Real-time High Resolution Fusion of Depth Maps on GPU
This work addresses the problem of real-time 3D scanning for applications like robotics or VR, but it is incremental as it builds on existing volumetric fusion methods with optimizations.
The paper presents a real-time system for high-quality surface reconstruction from a single moving depth camera on commodity hardware, achieving high accuracy and real-time frame rates by using GPU computing with OpenCL and a sparse volumetric representation.

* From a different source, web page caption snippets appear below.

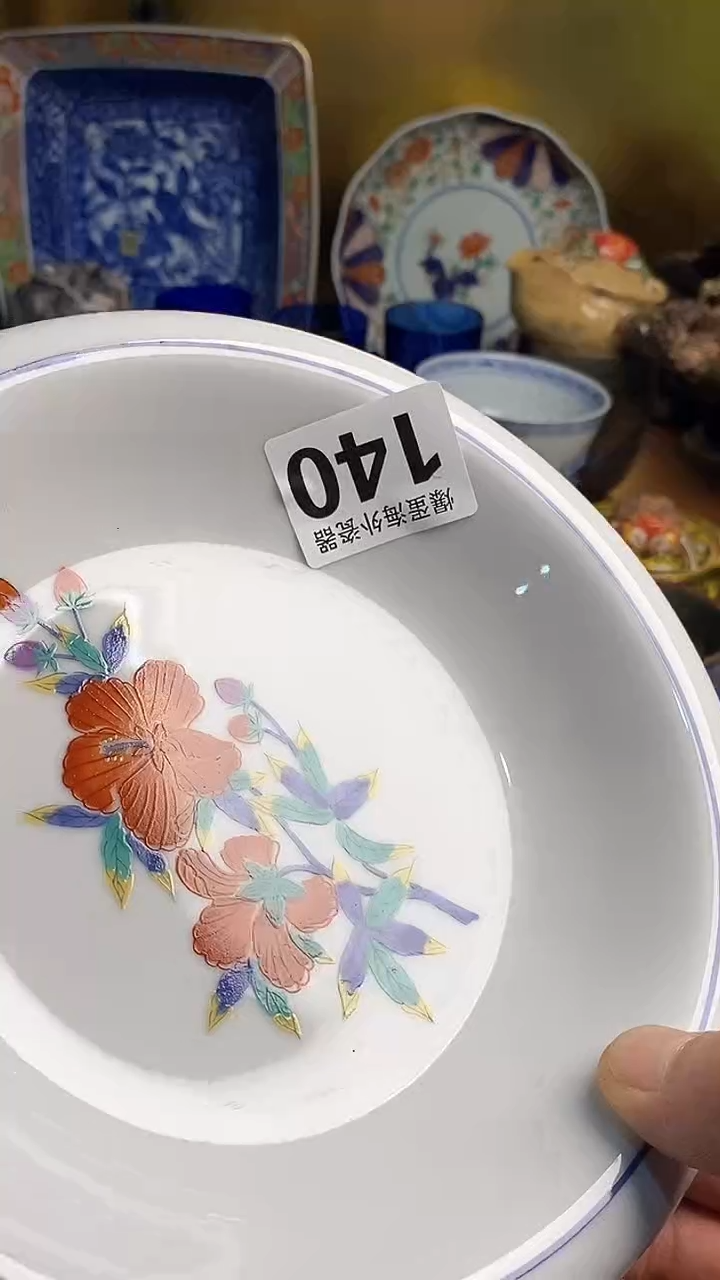 【闪购商品】瓷片6666666666 140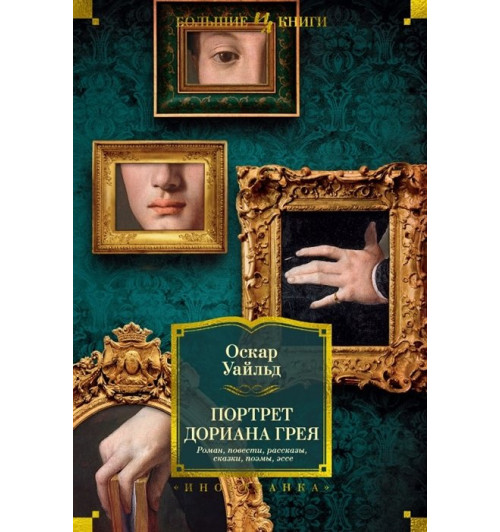 Оскар Уайльд: Портрет Дориана Грея. Роман. Повести. Рассказы. Сказки. Поэмы. Эссе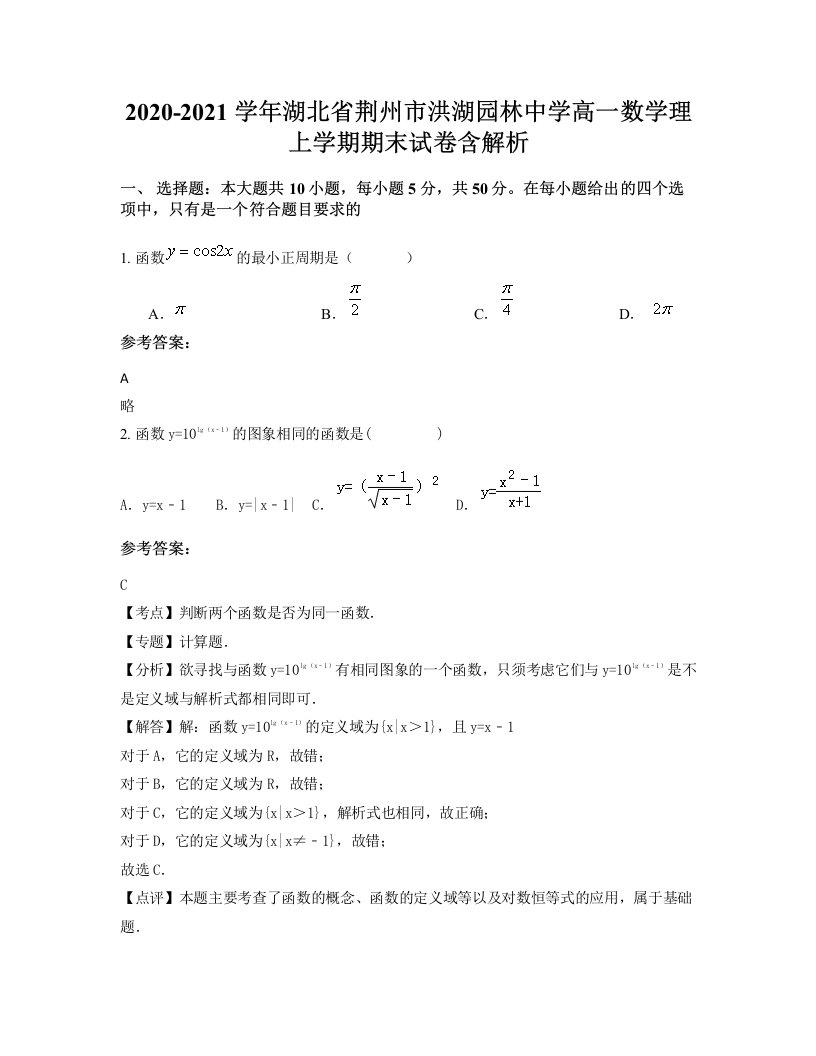 2020-2021学年湖北省荆州市洪湖园林中学高一数学理上学期期末试卷含解析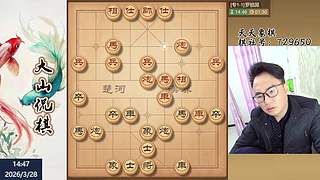 正常直播 最新网络布局飞刀~~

A system for live high quality surface reconstruction using a single moving depth camera on a commodity hardware is presented. High accuracy and real-time frame rate is achieved by utilizing graphics hardware computing capabilities via OpenCL and by using sparse data structure for volumetric surface representation. Depth sensor pose is estimated by combining serial texture registration algorithm with iterative closest points algorithm (ICP) aligning obtained depth map to the estimated scene model. Aligned surface is then fused into the scene. Kalman filter is used to improve fusion quality. Truncated signed distance function (TSDF) stored as block-based sparse buffer is used to represent surface. Use of sparse data structure greatly increases accuracy of scanned surfaces and maximum scanning area. Traditional GPU implementation of volumetric rendering and fusion algorithms were modified to exploit sparsity to achieve desired performance. Incorporation of texture registration for sensor pose estimation and Kalman filter for measurement integration improved accuracy and robustness of scanning process.